How a benign web crawler found and exploited a critical vulnerability in my server.
This is a brief and partly mundane account of how the Huawei AspiegelBot (PetalBot) web crawler discovered and exploited a serious vulnerability in the back-end services of a website I operate. What started as a simple security vulnerability found by a web-crawler quickly escalated into a world-wide attack from hordes of faceless wanna-be hackers and script kiddies running run-of-the-mill exploit and directory scanning software.
It all started when I noticed what seemed to be some kind of Denial-of-Service (DoS) attack against the server I use to host the VF Cash website and services. These attacks were particularly odd because I noticed that not only did the attacks exhaust the bandwidth of the server but also, they locked up the server in question requiring that the server was restarted to regain any kind of operation or remote access. I thought it strange, busy with other tasks I just rebooted the server, but the problem persisted for about three days at a frequency of 1/2 times per day before I came to realise what exactly the problem was..
I run a REST API that takes URL parameters and I had not disallowed bot access to the endpoint via the robots.txt file which is bad enough in its own right, as the last thing I need is web-crawlers putting unnecessary stress on my back-end services with random nonsensical queries.
However, in this instance, it would seem that the web crawler bot “PetalBot” had discovered the VF Cash REST API via the FAQ hyperlink on the main page, which, as well as the robots.txt mistake, I had also failed to set as a “no-follow” link.
Upon PetalBot discovering the selection of example URL’s provided for the REST API it decided that it would be a good idea to give them a try, and of all inputs, it decided to use “scan” as the input for the balance endpoint. This was particularly problematic because it caused the server to launch an IPv4 wide scan of over 4 billion internet-connected devices every time it executed this endpoint in this particular manner, which it seemed to particularly like to do, daily.
Port scanning over 4 billion internet-connected devices is not ideal for a number of reasons, primarily because it’s an intensive process that takes well, you know, a few minutes of CPU time to say the least but also, basically all of your internet bandwidth is consumed, particularly when you also take into consideration how many of those machines that you scan might respond or even port scan you back to see what’s going on. What started as a simple security vulnerability found by a web-crawler was now quickly escalating into a world-wide attack from hordes of faceless wanna-be hackers and script kiddies running run-of-the-mill exploit and directory scanning software to whom I was inadvertently making aware of my existence on a, at minimum, daily basis.
The REST API essentially takes URL parameters using PHP and then converts those URL parameters to strings using the escapeshellarg() function which are then safe to be used in a shell_exec() function which executes a binary program using the formerly mentioned strings as execution arguments, once the binary finishes executing it returns the necessary data to the PHP script which in turn is output to a HTML page.
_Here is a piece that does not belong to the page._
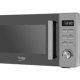 Beko MOF20110X forno a microonde Acciaio inox Solo microonde Superficie piana 20 L 800 W 4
The problem was that when designing this binary program I figured that the most frequent and common operation in which it would be used for is checking account balances, and for that reason, if only one execution argument was specified it would assume the input to be an account address for such a balance check operation (if the input did not match any of the other registered commands). A small oversight on my part meant that attackers could now enter any one of the other registered one-argument commands as an account address via the REST API balance check and as such the server would execute the specified command that was input, rather than the intended account balance check. Most of these commands were already accessible via the REST API anyway, but, the scan option which was never really implemented to be a serious option — more so of a last resort — was particularly harmful and would not only lock up the server in a CPU intensive process lasting some minutes but also exhaust all internet bandwidth at the same time — making it really the perfect DoS attack vector; and the first person, or in this case, robot, to discover and exploit it in the wild was a web crawler.
So what started as just a few, arguably minor oversights, quickly escalated to expose one of the most critical denial-of-service attack vectors my server had to offer and to none other than your average search engine web crawler.
Just my luck. Really, if you think about it.